**Problem to work on**
Everything from the line with "Shore Watch by" to the end of the data below, both lines included, should be transcribed exactly; please omit the pictures.

**Data records**
===
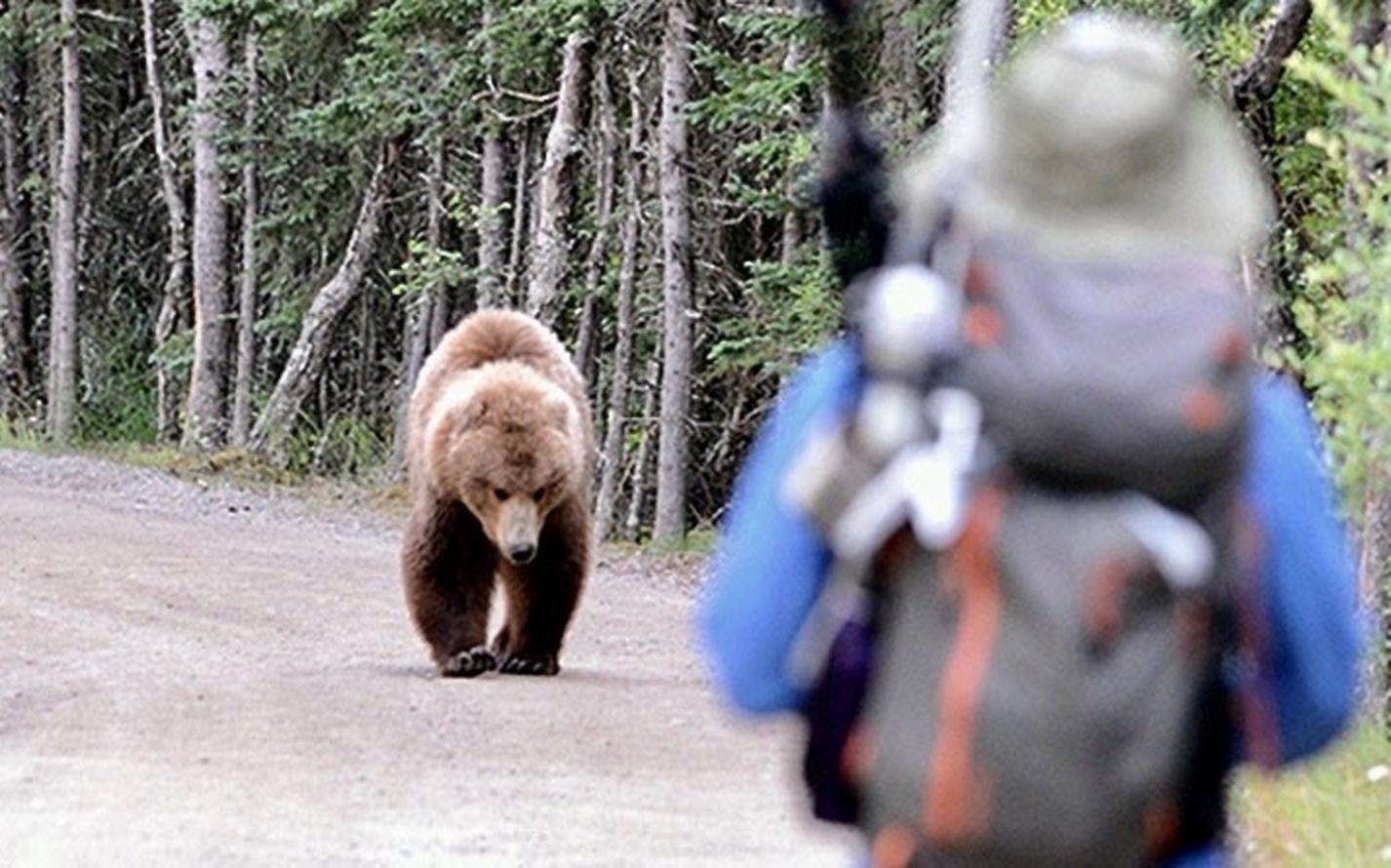Bear and hiker Photo courtesy NPS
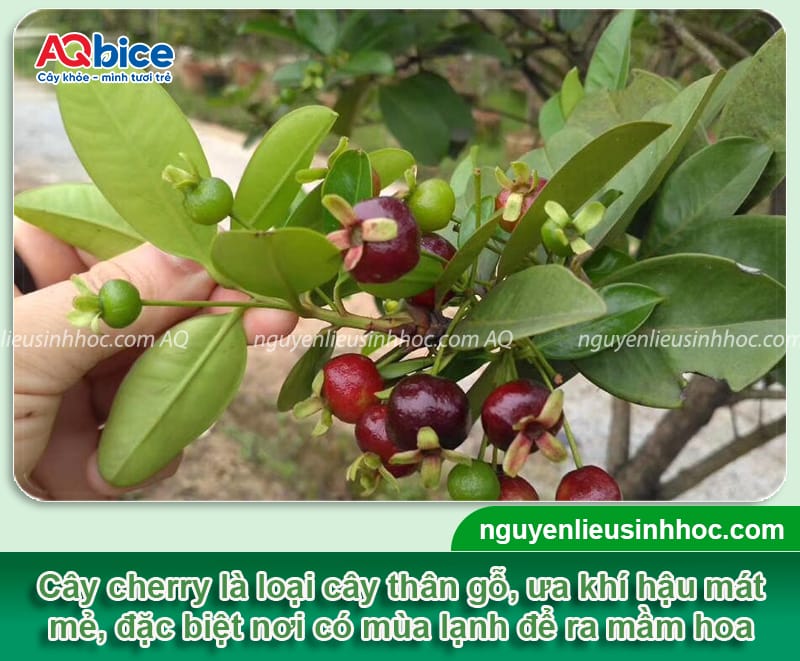 Cách cho cây cherry ra hoa hàng loạt, đậu trái thành công 2 Cách cho cây cherry ra hoa hàng loạt, đậu trái thành công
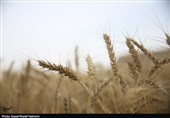 آغاز برداشت گندم از بیش از 117 هزار هکتار مزارع استان بوشهر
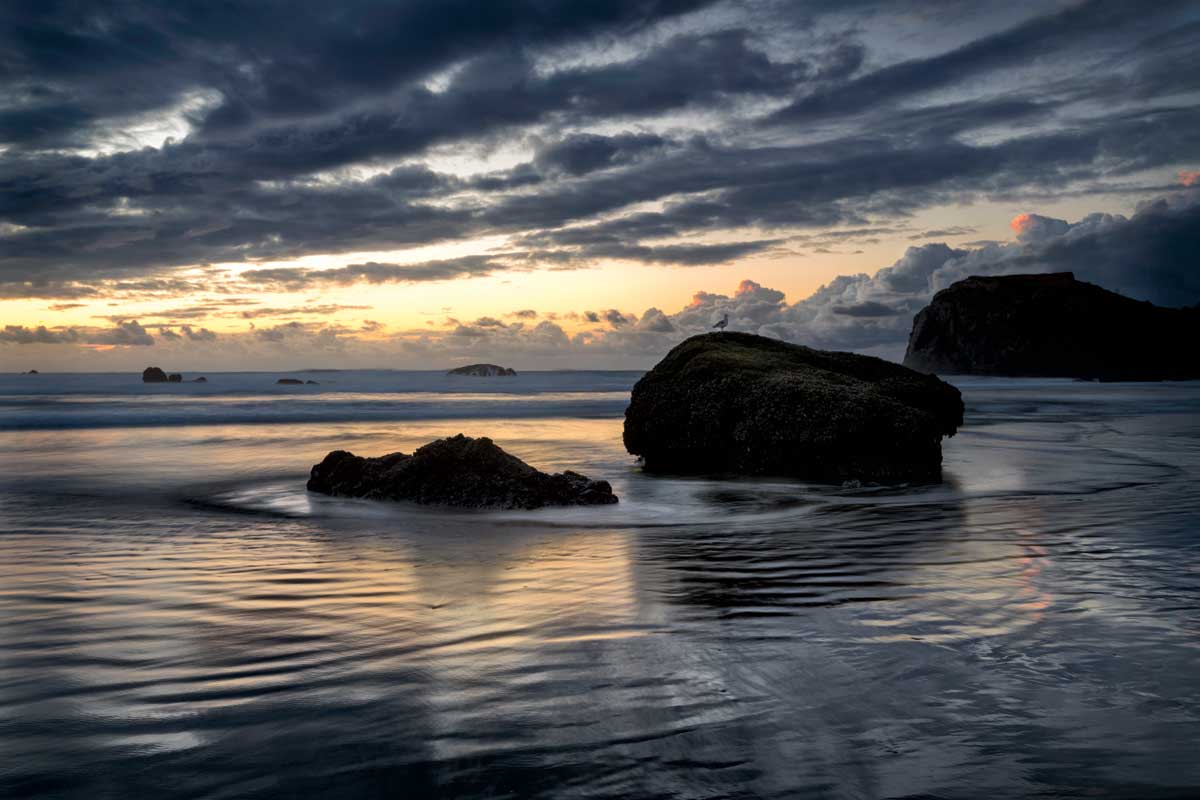 Shore Watch by artist  D. Burt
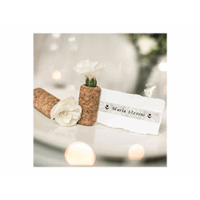 TZEMPSL31 12MM BLACK ON SILVER LACE TAPE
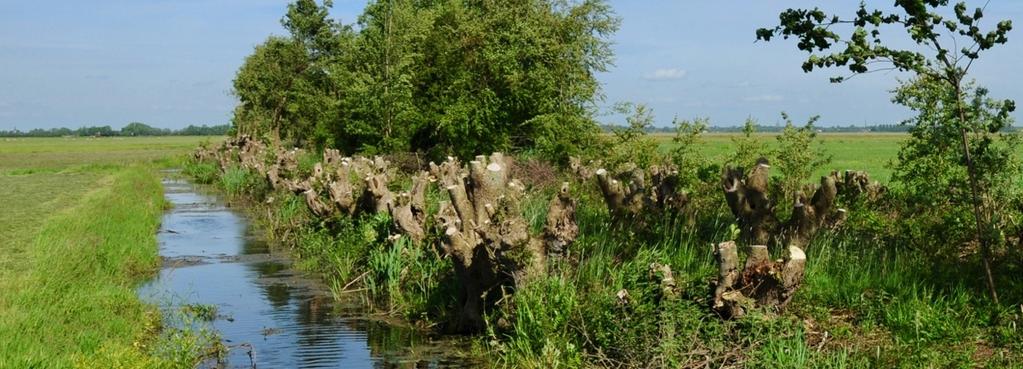 Bij het in- en uitdeuken wordt net als bij het zoeken van geschikte plaglocaties mede gelet op een goede balans tussen de gronden ten noorden en ten zuiden van de kade.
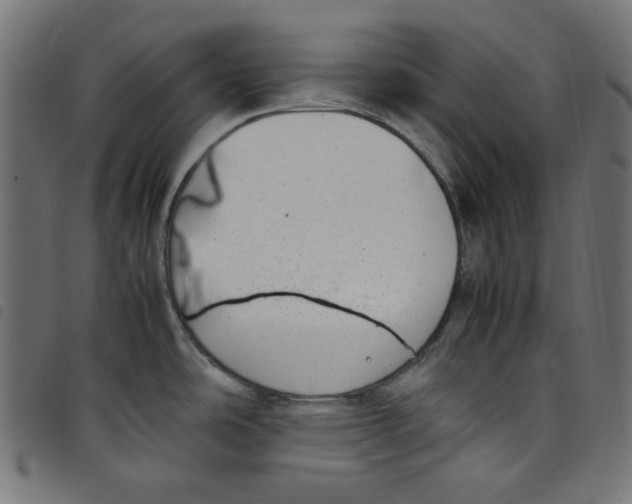 X0000098121486200804251440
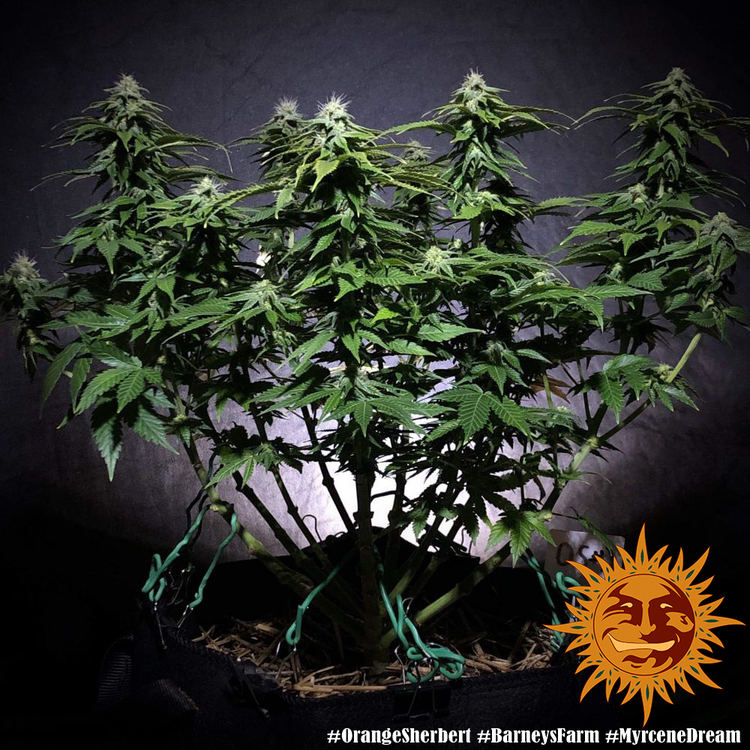 Barney's Farm - Orange Sherbert (fem.)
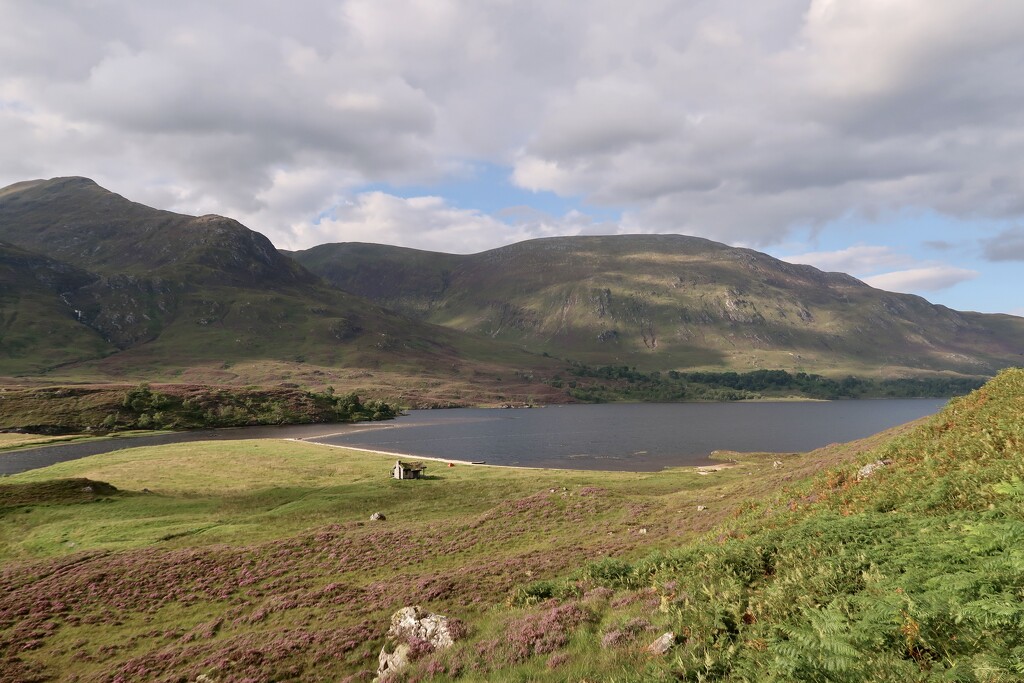 Loch Affric by jamibann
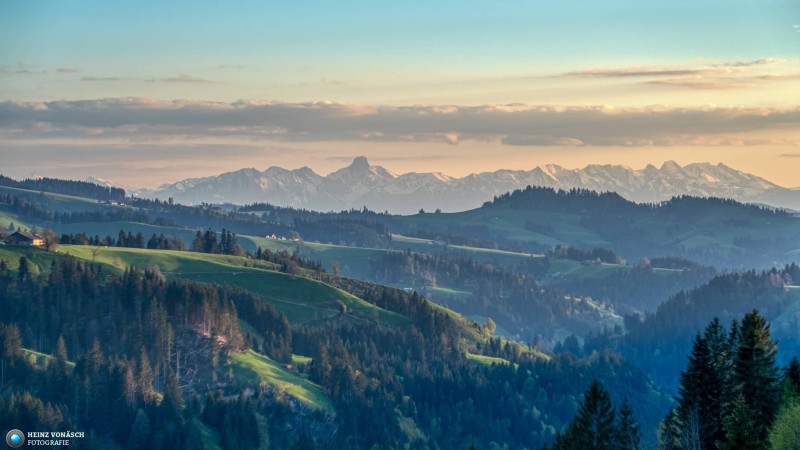Emmental 16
===
**Result of the exercise**
 Shore Watch by artist  D. Burt
 TZEMPSL31 12MM BLACK ON SILVER LACE TAPE
 Bij het in- en uitdeuken wordt net als bij het zoeken van geschikte plaglocaties mede gelet op een goede balans tussen de gronden ten noorden en ten zuiden van de kade.
 X0000098121486200804251440
 Barney's Farm - Orange Sherbert (fem.)
 Loch Affric by jamibann
Emmental 16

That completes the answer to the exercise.